Economic Literacy
Reading Unit 10 – Common Core Technologies
Introduction
Reading about economics requires understanding specialized vocabulary, data representations, and argument structures. This unit develops skills for analyzing economic texts from news articles to policy reports.
Text Types
• News Articles
• Policy Reports
• Infographics
Skills
Data Interpretation
Argument Analysis
Vocabulary in Context
Strategies
Skimming
Scanning
Critical Reading
1. Reading Economic Texts
Text Structure
Lead Paragraph
Often contains the main economic claim or latest data
Body Sections
Provide supporting evidence, expert quotes, historical context
Conclusion
Future projections or policy recommendations
Common Features
Look for:
- Headings and subheadings
- Data visualizations (charts/graphs)
- Key terms in bold/italics
- Source citations
Question types:
- Main idea questions
- Data interpretation
- Vocabulary in context
- Author’s purpose
2. Reading Economic Data
“Data never speak for themselves.

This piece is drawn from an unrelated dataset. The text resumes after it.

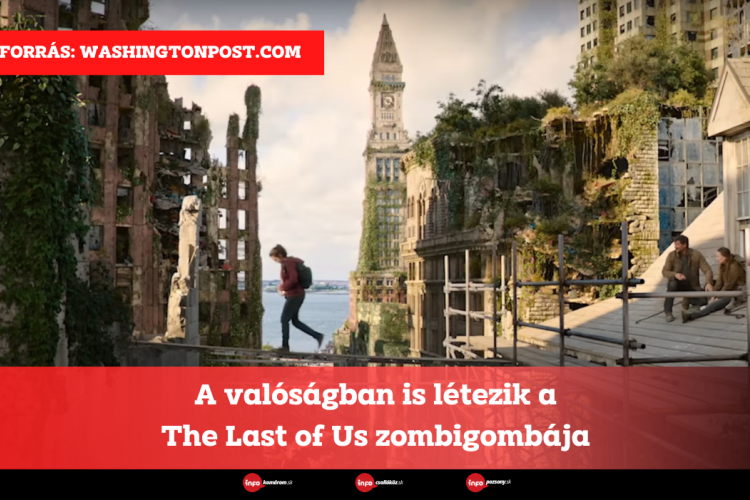 A valóságban is létezik a The Last of Us zombigombája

They always speak through interpreters.”
Sample Infographic
Data Questions
Based on the chart:
- Which year had highest growth?
- Calculate total growth 2020-2022
- Why might 2021 be exceptional?
3. Economic Vocabulary
Key Terms
Inflation: Rising prices across an economy
Recession: 2+ quarters of negative GDP growth
Monetary Policy: Central bank actions (interest rates)
Fiscal Policy: Government taxing/spending
Context Clues Strategies:
- Definition within sentence
- Examples provided
- Contrast clues (“unlike…”)
Practice Exercise
“The trade deficit widened to $89 billion as imports surged while exports stagnated.”

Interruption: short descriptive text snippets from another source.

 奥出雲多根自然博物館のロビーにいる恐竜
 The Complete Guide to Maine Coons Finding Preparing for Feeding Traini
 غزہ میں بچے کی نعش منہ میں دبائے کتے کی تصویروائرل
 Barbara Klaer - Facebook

What does trade deficit mean?
4. Critical Reading Strategies
Identifying Bias
Signs of bias:
- Emotional language (“disastrous policy”)
- Selective data presentation
- Uncited claims
- Overgeneralizations
Compare these headlines:
1. “Fed rate hike crushes middle class”
2. “Fed raises rates 0.5% to curb inflation”
Source Evaluation
CRAAP Test:
- Currency: Is it up-to-date?
- Relevance: Appropriate detail?
- Authority: Who wrote it?
- Accuracy: Evidence-supported?
- Purpose: Inform or persuade?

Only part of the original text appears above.